One of my spiritual mentors, Russ McKnight, now with the Lord, would always respond to the question, “How are you doing?” with the simple answer, “Better than I deserve!” He wasn’t trying to be cute, but recognized that whatever benefits or blessings might come his way were not the payment of a debt but flowed from the fountain of divine mercy.

Paul said much the same thing in 1 Corinthians 15:10 – “But by the grace of God I am what I am.” If pressed to elaborate, I suspect he might have said:

  • “Yes, people have betrayed me, but I never deserved friends in the first place.”
  • “Yes, many have slandered me, but I have no ‘right’ to be well spoken of.”
  • “I was the chief of sinners, but I was shown kindness! I deserved hell, but I got mercy!”
  • “How can I feel sorry for myself: justice demanded my death but I received life!”
  • “How can I resent another’s success when I never deserved any myself?” 

Clearly, Paul’s understanding of the role of mercy was the sustaining power in his soul that left no room for discouragement and gave no quarter to bitterness: “How can I possibly ‘lose heart’ when I deserved neither life nor breath nor opportunity nor eloquence nor a positive response on the part of those to whom I minister?”

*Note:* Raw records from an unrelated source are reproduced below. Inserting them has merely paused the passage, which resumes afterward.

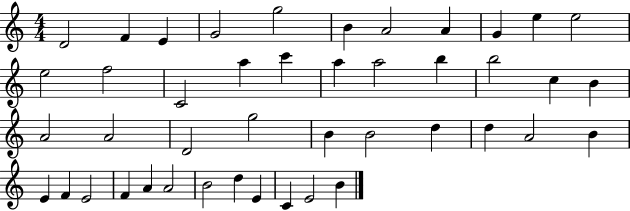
X:1
T:Untitled
M:4/4
L:1/4
K:C
D2 F E G2 g2 B A2 A G e e2 e2 f2 C2 a c' a a2 b b2 c B A2 A2 D2 g2 B B2 d d A2 B E F E2 F A A2 B2 d E C E2 B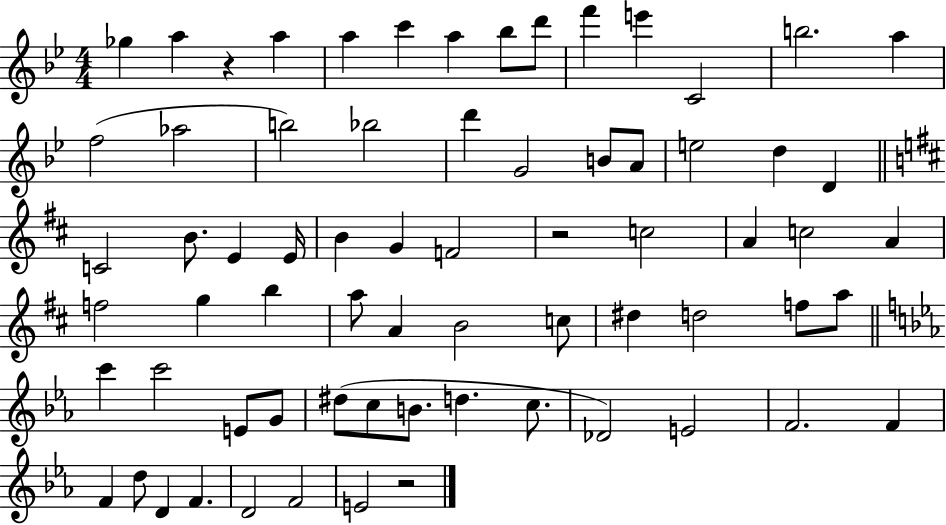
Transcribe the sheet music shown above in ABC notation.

X:1
T:Untitled
M:4/4
L:1/4
K:Bb
_g a z a a c' a _b/2 d'/2 f' e' C2 b2 a f2 _a2 b2 _b2 d' G2 B/2 A/2 e2 d D C2 B/2 E E/4 B G F2 z2 c2 A c2 A f2 g b a/2 A B2 c/2 ^d d2 f/2 a/2 c' c'2 E/2 G/2 ^d/2 c/2 B/2 d c/2 _D2 E2 F2 F F d/2 D F D2 F2 E2 z2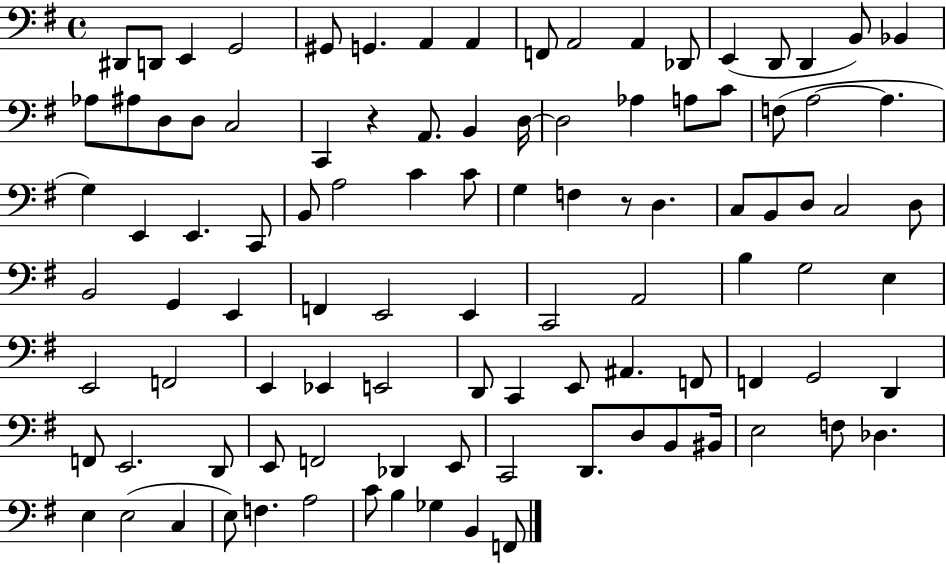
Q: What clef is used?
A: bass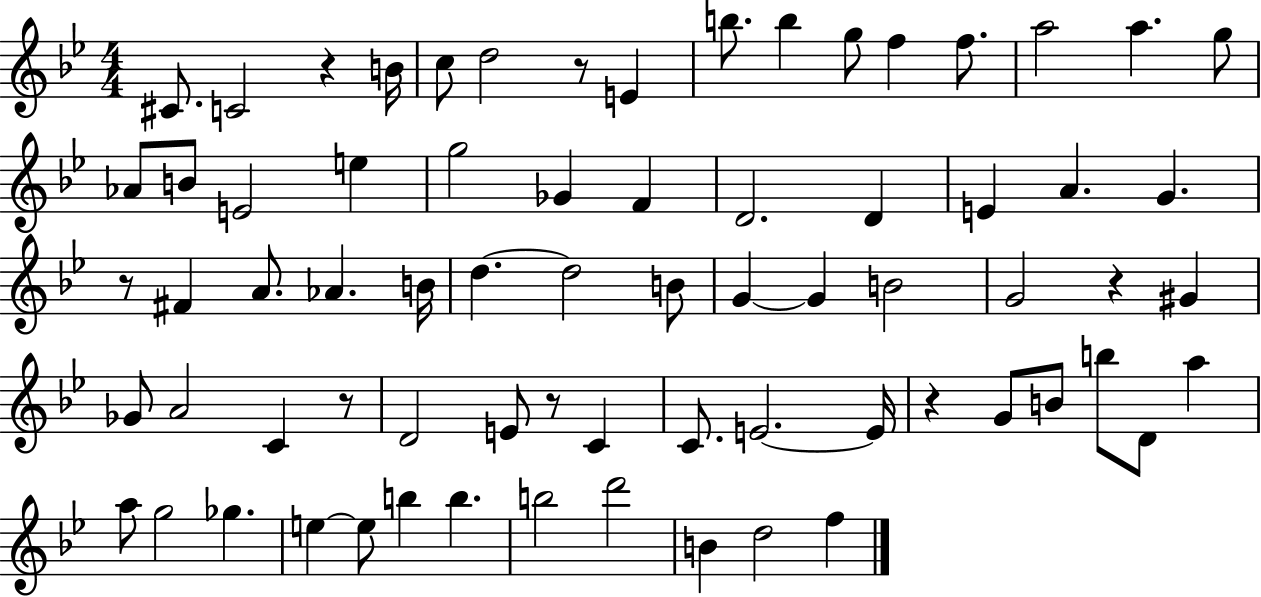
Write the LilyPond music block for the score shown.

{
  \clef treble
  \numericTimeSignature
  \time 4/4
  \key bes \major
  cis'8. c'2 r4 b'16 | c''8 d''2 r8 e'4 | b''8. b''4 g''8 f''4 f''8. | a''2 a''4. g''8 | \break aes'8 b'8 e'2 e''4 | g''2 ges'4 f'4 | d'2. d'4 | e'4 a'4. g'4. | \break r8 fis'4 a'8. aes'4. b'16 | d''4.~~ d''2 b'8 | g'4~~ g'4 b'2 | g'2 r4 gis'4 | \break ges'8 a'2 c'4 r8 | d'2 e'8 r8 c'4 | c'8. e'2.~~ e'16 | r4 g'8 b'8 b''8 d'8 a''4 | \break a''8 g''2 ges''4. | e''4~~ e''8 b''4 b''4. | b''2 d'''2 | b'4 d''2 f''4 | \break \bar "|."
}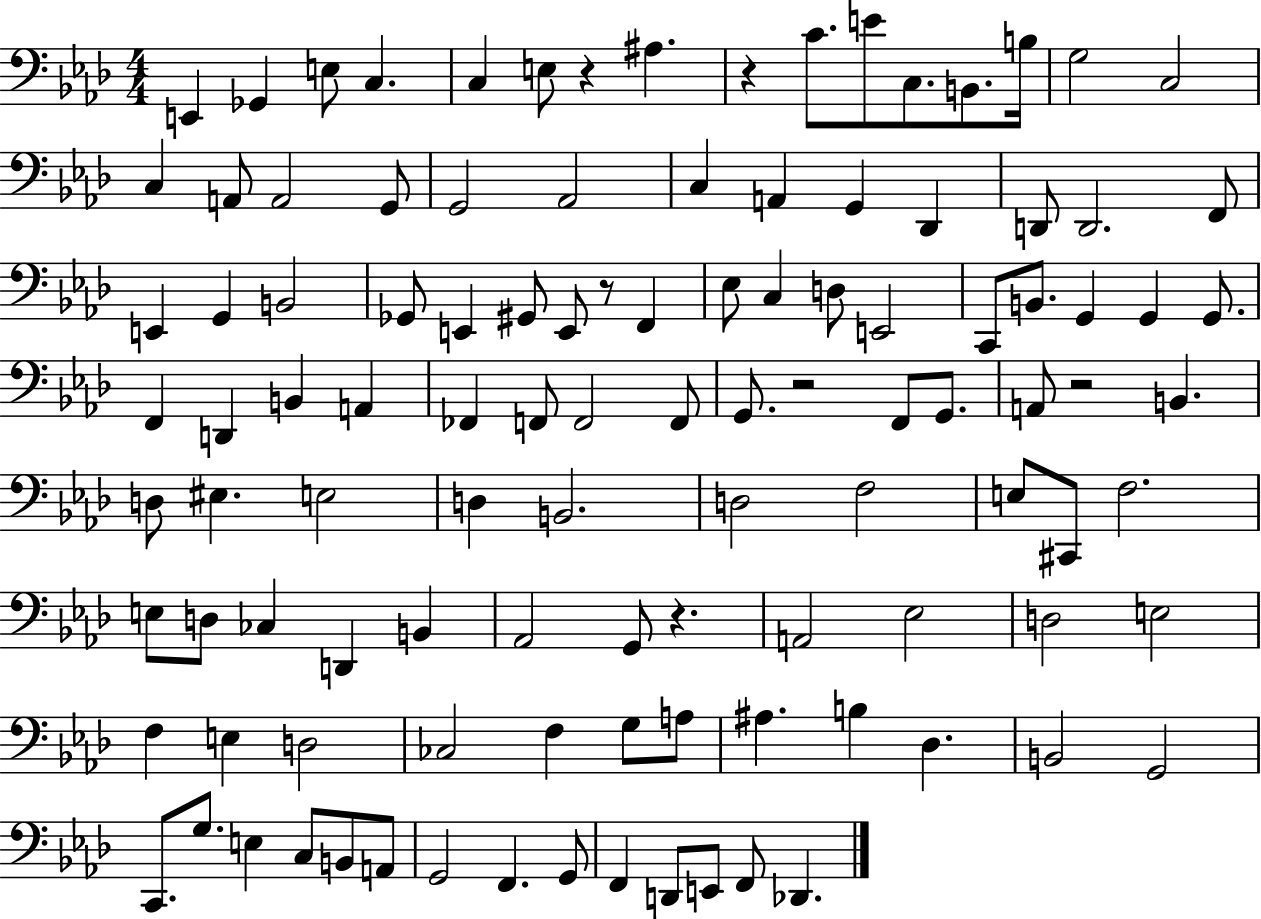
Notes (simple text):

E2/q Gb2/q E3/e C3/q. C3/q E3/e R/q A#3/q. R/q C4/e. E4/e C3/e. B2/e. B3/s G3/h C3/h C3/q A2/e A2/h G2/e G2/h Ab2/h C3/q A2/q G2/q Db2/q D2/e D2/h. F2/e E2/q G2/q B2/h Gb2/e E2/q G#2/e E2/e R/e F2/q Eb3/e C3/q D3/e E2/h C2/e B2/e. G2/q G2/q G2/e. F2/q D2/q B2/q A2/q FES2/q F2/e F2/h F2/e G2/e. R/h F2/e G2/e. A2/e R/h B2/q. D3/e EIS3/q. E3/h D3/q B2/h. D3/h F3/h E3/e C#2/e F3/h. E3/e D3/e CES3/q D2/q B2/q Ab2/h G2/e R/q. A2/h Eb3/h D3/h E3/h F3/q E3/q D3/h CES3/h F3/q G3/e A3/e A#3/q. B3/q Db3/q. B2/h G2/h C2/e. G3/e. E3/q C3/e B2/e A2/e G2/h F2/q. G2/e F2/q D2/e E2/e F2/e Db2/q.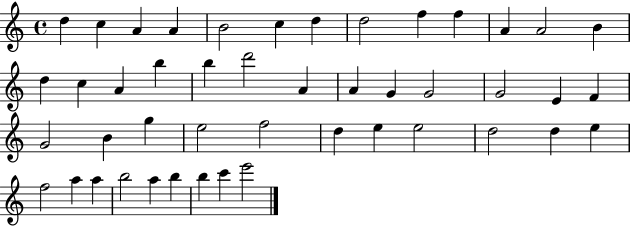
{
  \clef treble
  \time 4/4
  \defaultTimeSignature
  \key c \major
  d''4 c''4 a'4 a'4 | b'2 c''4 d''4 | d''2 f''4 f''4 | a'4 a'2 b'4 | \break d''4 c''4 a'4 b''4 | b''4 d'''2 a'4 | a'4 g'4 g'2 | g'2 e'4 f'4 | \break g'2 b'4 g''4 | e''2 f''2 | d''4 e''4 e''2 | d''2 d''4 e''4 | \break f''2 a''4 a''4 | b''2 a''4 b''4 | b''4 c'''4 e'''2 | \bar "|."
}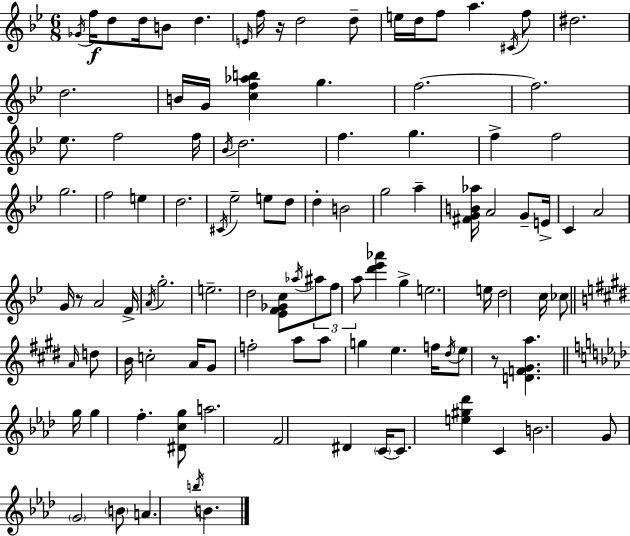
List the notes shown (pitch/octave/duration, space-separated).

Gb4/s F5/s D5/e D5/s B4/e D5/q. E4/s F5/s R/s D5/h D5/e E5/s D5/s F5/e A5/q. C#4/s F5/e D#5/h. D5/h. B4/s G4/s [C5,F5,Ab5,B5]/q G5/q. F5/h. F5/h. Eb5/e. F5/h F5/s Bb4/s D5/h. F5/q. G5/q. F5/q F5/h G5/h. F5/h E5/q D5/h. C#4/s Eb5/h E5/e D5/e D5/q B4/h G5/h A5/q [F#4,G4,B4,Ab5]/s A4/h G4/e E4/s C4/q A4/h G4/s R/e A4/h F4/s A4/s G5/h. E5/h. D5/h [Eb4,F4,Gb4,C5]/e Ab5/s A#5/e F5/e A5/e [D6,Eb6,Ab6]/q G5/q E5/h. E5/s D5/h C5/s CES5/e A4/s D5/e B4/s C5/h A4/s G#4/e F5/h A5/e A5/e G5/q E5/q. F5/s D#5/s E5/e R/e [D4,F4,G#4,A5]/q. G5/s G5/q F5/q. [D#4,C5,G5]/e A5/h. F4/h D#4/q C4/s C4/e. [E5,G#5,Db6]/q C4/q B4/h. G4/e G4/h B4/e A4/q. B5/s B4/q.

Do you see your life in the same terms that Paul understood the ministry entrusted to him? What about your family? Your career? Perhaps the effective use of some spiritual gift or your status in the church? Are you in good health? Are you finances stable, even flourishing? What of the praise of your peers?

Can you look at everything in your life and honestly say, “It was by the mercy of God?” If not, you are a likely candidate either for arrogant boasting or for discouragement and the disheartening frustration that breeds bitterness and resentment. Mercy is medicine for the discouraged soul. The recommended dosage is daily.